WHAT YOU WILL DO: Your task is to extract every line from the material below exactly.

INPUT:

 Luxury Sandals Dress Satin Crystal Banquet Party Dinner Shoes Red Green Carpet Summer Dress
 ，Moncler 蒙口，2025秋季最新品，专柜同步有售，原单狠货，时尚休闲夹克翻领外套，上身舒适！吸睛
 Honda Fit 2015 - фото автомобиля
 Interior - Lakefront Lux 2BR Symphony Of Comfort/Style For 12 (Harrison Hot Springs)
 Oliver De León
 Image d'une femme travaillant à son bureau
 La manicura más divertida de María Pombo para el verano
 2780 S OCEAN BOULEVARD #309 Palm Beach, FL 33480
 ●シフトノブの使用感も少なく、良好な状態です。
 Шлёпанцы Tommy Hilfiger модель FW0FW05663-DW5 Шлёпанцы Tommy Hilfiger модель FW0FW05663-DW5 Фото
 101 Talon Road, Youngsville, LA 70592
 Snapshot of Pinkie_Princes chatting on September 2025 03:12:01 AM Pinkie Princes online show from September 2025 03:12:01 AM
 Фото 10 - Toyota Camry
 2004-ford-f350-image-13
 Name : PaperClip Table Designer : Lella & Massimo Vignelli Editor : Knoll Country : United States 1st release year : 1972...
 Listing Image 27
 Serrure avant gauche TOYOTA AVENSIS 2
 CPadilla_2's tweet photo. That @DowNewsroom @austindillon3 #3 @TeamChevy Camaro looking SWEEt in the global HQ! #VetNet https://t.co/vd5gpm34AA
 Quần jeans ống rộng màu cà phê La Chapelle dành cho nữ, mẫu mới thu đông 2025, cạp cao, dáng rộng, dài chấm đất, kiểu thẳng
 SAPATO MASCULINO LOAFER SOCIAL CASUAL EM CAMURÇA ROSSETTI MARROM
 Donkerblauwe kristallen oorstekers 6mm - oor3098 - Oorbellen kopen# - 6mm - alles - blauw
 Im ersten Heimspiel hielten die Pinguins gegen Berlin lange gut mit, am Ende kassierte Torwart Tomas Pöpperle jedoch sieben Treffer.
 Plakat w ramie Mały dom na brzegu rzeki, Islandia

EXERCISE ANSWER:
 Luxury Sandals Dress Satin Crystal Banquet Party Dinner Shoes Red Green Carpet Summer Dress
 ，Moncler 蒙口，2025秋季最新品，专柜同步有售，原单狠货，时尚休闲夹克翻领外套，上身舒适！吸睛
 Honda Fit 2015 - фото автомобиля
 Interior - Lakefront Lux 2BR Symphony Of Comfort/Style For 12 (Harrison Hot Springs)
 Oliver De León
 Image d'une femme travaillant à son bureau
 La manicura más divertida de María Pombo para el verano
 2780 S OCEAN BOULEVARD #309 Palm Beach, FL 33480
 ●シフトノブの使用感も少なく、良好な状態です。
 Шлёпанцы Tommy Hilfiger модель FW0FW05663-DW5 Шлёпанцы Tommy Hilfiger модель FW0FW05663-DW5 Фото
 101 Talon Road, Youngsville, LA 70592
 Snapshot of Pinkie_Princes chatting on September 2025 03:12:01 AM Pinkie Princes online show from September 2025 03:12:01 AM
 Фото 10 - Toyota Camry
 2004-ford-f350-image-13
 Name : PaperClip Table Designer : Lella & Massimo Vignelli Editor : Knoll Country : United States 1st release year : 1972...
 Listing Image 27
 Serrure avant gauche TOYOTA AVENSIS 2
 CPadilla_2's tweet photo. That @DowNewsroom @austindillon3 #3 @TeamChevy Camaro looking SWEEt in the global HQ! #VetNet https://t.co/vd5gpm34AA
 Quần jeans ống rộng màu cà phê La Chapelle dành cho nữ, mẫu mới thu đông 2025, cạp cao, dáng rộng, dài chấm đất, kiểu thẳng
 SAPATO MASCULINO LOAFER SOCIAL CASUAL EM CAMURÇA ROSSETTI MARROM
 Donkerblauwe kristallen oorstekers 6mm - oor3098 - Oorbellen kopen# - 6mm - alles - blauw
 Im ersten Heimspiel hielten die Pinguins gegen Berlin lange gut mit, am Ende kassierte Torwart Tomas Pöpperle jedoch sieben Treffer.
 Plakat w ramie Mały dom na brzegu rzeki, Islandia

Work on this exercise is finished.